Add research-bot benchmark cases by upsearchmain · Pull Request #77 · NousResearch/hermes-agent-self-evolution

upsearchmain · 2026-05-14T16:46:46Z

Summary

Add 30 JSONL benchmark cases for research-bot self-evolution.
Balance planner/reflexion/synthesizer at 10 cases each.
Keep schema simple: id, skill, category, input, expected, judge.

Verification

test -f ~/hermes-evolution/cases/research-bot/cases.jsonl && echo present -> present
wc -l ~/hermes-evolution/cases/research-bot/cases.jsonl -> 30 /home/claude/hermes-evolution/cases/research-bot/cases.jsonl
/usr/bin/python3 -c "import json, pathlib; [json.loads(l) for l in pathlib.Path('/home/claude/hermes-evolution/cases/research-bot/cases.jsonl').read_text().splitlines()]" && echo OK -> OK
category distribution -> {'planner': 10, 'reflexion': 10, 'synthesizer': 10}
git diff --check origin/main...codex/T-E5-1-03-research-bot-cases -> no output

Self-Review

P1: Verified task references and dependency availability before writing cases.
P2: Added only a simple static JSONL dataset, no harness or API calls.
P3: Changed only cases/research-bot/cases.jsonl in this repo.
P4: File existence, line count, JSON parse, category distribution, and diff-check all pass.

jarrettj

Code Review Summary — PR #77: Research-Bot Benchmark Cases

Verdict: Request Changes (2 critical gaps, multiple testing oversights)

🔴 Critical

Schema mismatch with evaluation framework

The research-bot cases use schema: {id, skill, category, input, expected:{must_include/must_avoid}, judge}
The EvalExample class (evolution/core/dataset_builder.py) uses schema: {task_input, expected_behavior, difficulty, category, source}
Impact: No code currently exists to load or use research-bot cases.

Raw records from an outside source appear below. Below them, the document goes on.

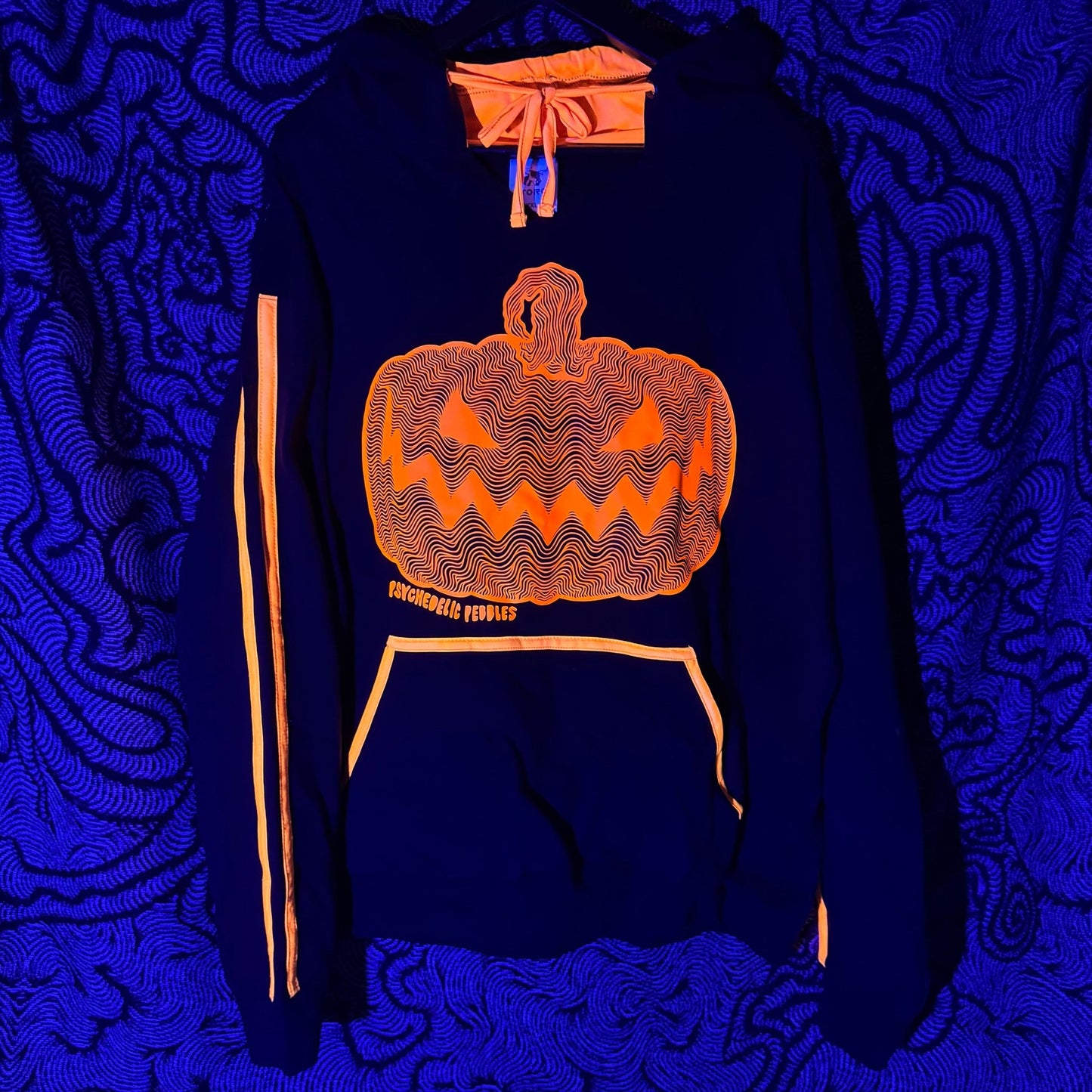 XXL Line-Art Pumpkin Glow UV Reactive Hoodie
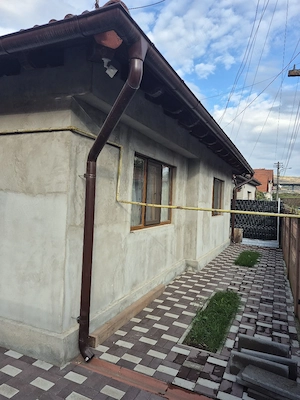 vând casă 100 mp  in blaj
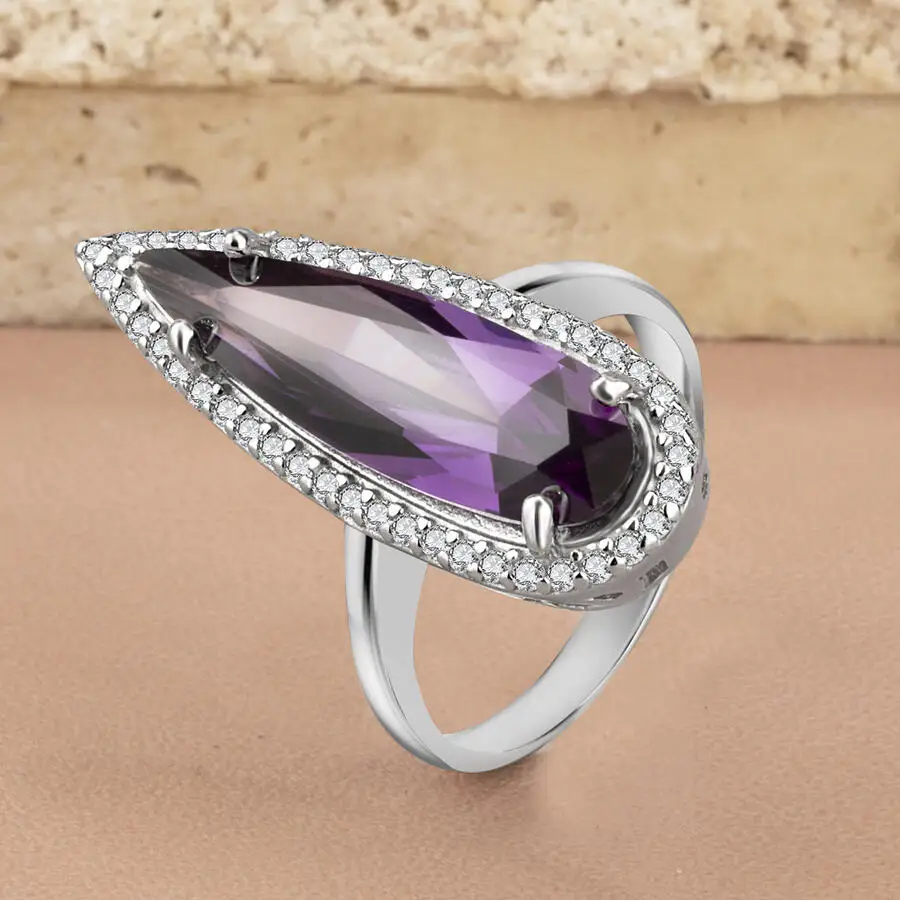 

Женское кольцо из серебра 925 пробы с гравировкой из фианита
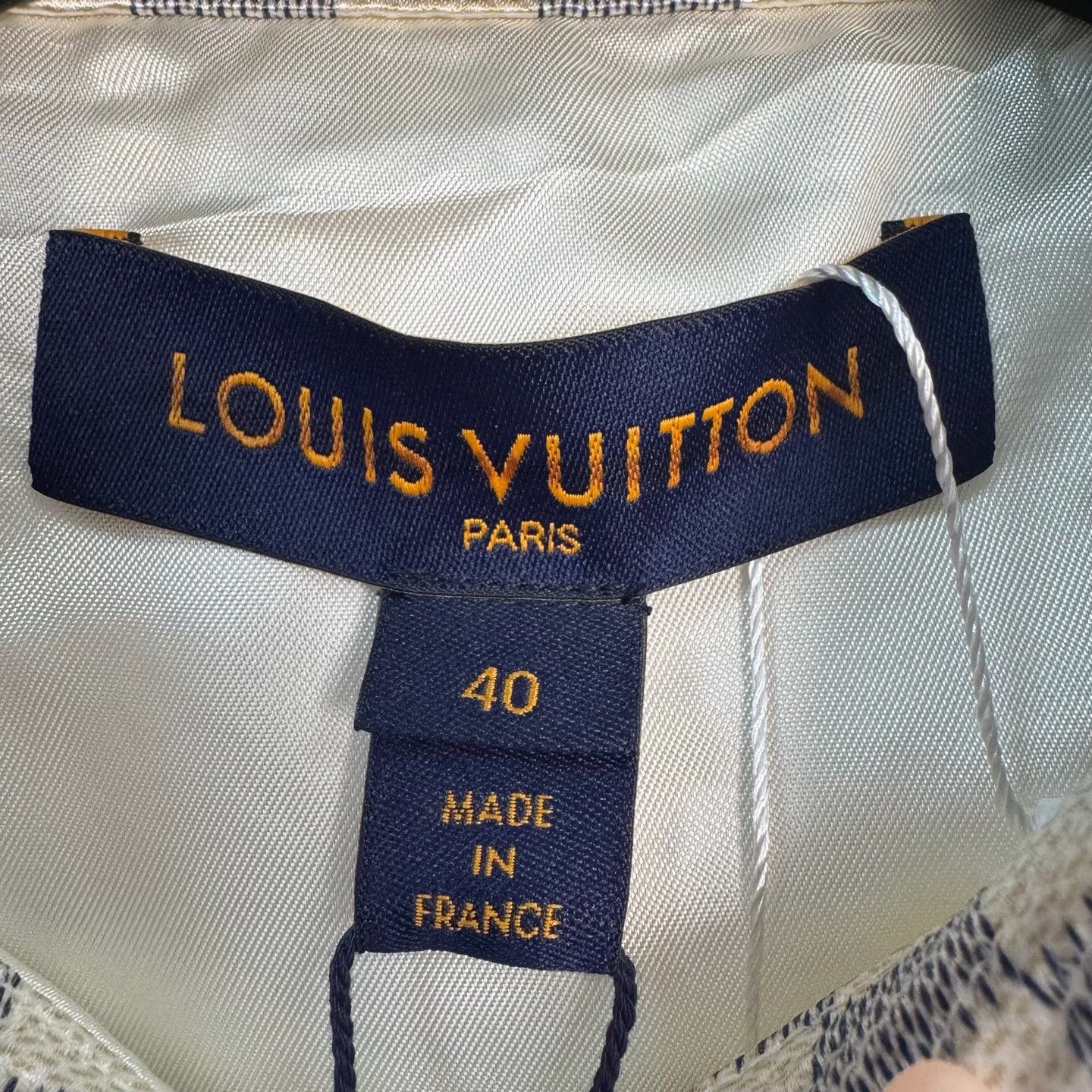 Louis Vuitton Louis Vuitton Damier Pattern Zip-Up Jacket Size 40 Size M / US 6-8 / IT 42-44 - 4 Thumbnail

They cannot be consumed by the GEPA optimizer or evaluation framework without a conversion layer.
Fix: Either (a) add a loader that converts research-bot schema to EvalExample, or (b) document that these cases require future framework extension

No tests for case loading, validation, or usage

The 30 cases are added as raw data with no test coverage for:
- Loading cases.jsonl into a usable format
- Validating case structure and content
- Integrating cases into the evaluation pipeline
The PR description mentions framework steps (P1–P4) but doesn't add tests to verify any of them work
Impact: Case quality is unknown and cannot be verified programmatically
Fix: Add test file tests/core/test_research_bot_cases.py with:
- Test for loading all 30 cases from JSONL
- Validation that all required fields are present and valid
- Schema conformance (category in {planner, reflexion, synthesizer}, no duplicate IDs)
- Optional: convert research-bot schema to EvalExample and verify compatibility

⚠️ Warnings

No documentation on case usage

README.md does not mention where benchmark cases live or how to use them
PLAN.md mentions "benchmark gating" but not these specific case files
Users/developers cannot discover or use these cases without tribal knowledge
Suggestion: Add a cases/README.md or section to main README explaining:
- Where research-bot cases are located
- Case schema (what each field means)
- How to load and evaluate against them
- How to add new cases

Missing cross-file validation

The self-review claims to check "evolution sources and dependency availability" but doesn't provide evidence
The PR should verify that:
- All cases reference valid "skill" values (currently all are "research-bot"; should be documented)
- All "category" values match the expected taxonomy
- No external dependencies are needed to load/validate cases
Suggestion: Add these checks to the test suite

No tests for case semantic quality

The cases themselves are manually authored; no tests verify:
- Input prompts are well-formed and solvable
- Judgment criteria are objective and verifiable
- must_include and must_avoid don't contradict each other
- Examples given are realistic for a research-bot skill
Suggestion: Consider adding a test for obvious contradictions (e.g., must_include "X" and must_avoid "X")

💡 Suggestions

Consider adding case difficulty and source metadata

Current cases lack difficulty and source fields that EvalExample uses
These would help with:
- Stratified evaluation (test on easy vs. hard cases)
- Traceability (hand-curated vs. synthetic)
Not critical if cases are distinct from EvalExample, but worth planning

Plan for case evolution and updates

The cases are static snapshots added once; no clear process for:
- Adding new cases as research-bot evolves
- Retiring cases that become obsolete
- Versioning the case set
Suggestion: Document a case lifecycle in README (how to propose, review, merge new cases)

✅ Looks Good

Data integrity: All 30 lines are valid JSON with no parse errors ✓
Distribution: Perfect 10/10/10 split across planner/reflexion/synthesizer ✓
No duplicates: All case IDs are unique ✓
No diff issues: Git diff --check passes ✓
Field completeness: All cases have all required fields ✓
Clear semantics: Each case has a realistic prompt, clear expected behavior, and sensible judge criteria ✓
Korean context: Excellent inclusion of market/cultural specifics in several cases ✓

Recommendation

Do not merge yet. The data itself is solid, but the cases are orphaned from the evaluation framework. Before merging:

Add integration code: Implement load_research_bot_cases() that returns EvalExample objects or documents why a new evaluation pipeline is needed
Add tests: Create test_research_bot_cases.py with validation and loading tests
Add documentation: Update README or add cases/README.md explaining schema and usage

Once these are in place, this contribution will be valuable for benchmarking research-bot improvements.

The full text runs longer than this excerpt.